The UAS system can detect very low levels of methane, below 2.5 kg/hr
Unmanned aviation business Flylogix and emissions sensor and analytics providers SeekOps have reached a key milestone in emissions quantification offshore, making routine verification available to operators for the first time.
In a recent field trial, their unique Unmanned Aerial System (UAS) and sensor delivered detection rates capable of verifying emission rates in line with the very low levels of methane associated with normal operations of many facilities in the North Sea (<2.5 kg/hr) Previous studies have relied upon survey aircraft with equipment normally used for research activities.
This breakthrough comes from an extended programme of rigorous offshore trials, testing and development of their UAS and methane measuring technology in the harsh and uncompromising environment of the North Sea.
This offshore methane measurement endeavour is part of a collaborative trial with significant support from energy majors, including bp, Total, Equinor, Harbour Energy and Shell. In discussion with the operators, Flylogix conducted a pan-UKCS asset review using data reported through the Environmental and Emissions Measurement System (EEMS), establishing the requirement for lower detection performance at 10 kg/hr. This became the initial target, with a stretch target of 3kg/hr.
In 2020, initial Flylogix and SeekOps trials west of Shetland demonstrated a lower detection threshold of 40kg/hr. Needing to reduce this threshold by order of magnitude, Flylogix and SeekOps – supported by OGTC, who helped accelerate the development and deployment of the technology – embarked on an ambitious development programme. After rigorous lab-testing by the SeekOps team, the new technology was trialled in the air at a Flylogix test facility.
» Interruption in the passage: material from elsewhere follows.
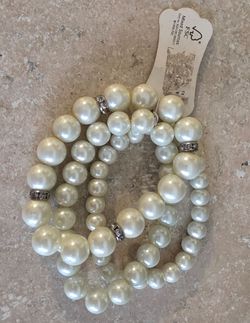 *Brand New* Vintage Faux Pearls Bracelets Costume Jewelry  Clear Rhinestones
The project was green-lit, and offshore field trials commenced in March 2021. The first phase of field trials demonstrated a lower detection limit of 2.5kg/hr – a 93% increase in performance. The lower detection limit is influenced by variables including weather and stand-off distance from the asset. A series of controlled release measurement flights are now scheduled to validate these performance thresholds further. The trials continue with measurement across a wide range of asset types in the northern, central and southern North Sea and West of Shetland.
This represents a truly collaborative approach where the industry is driving the development and innovation cycle – this drive and collaboration will remain crucial over the coming years, enabling the global expansion of this unique solution. The sector continues its journey to verifying the emission numbers it reports.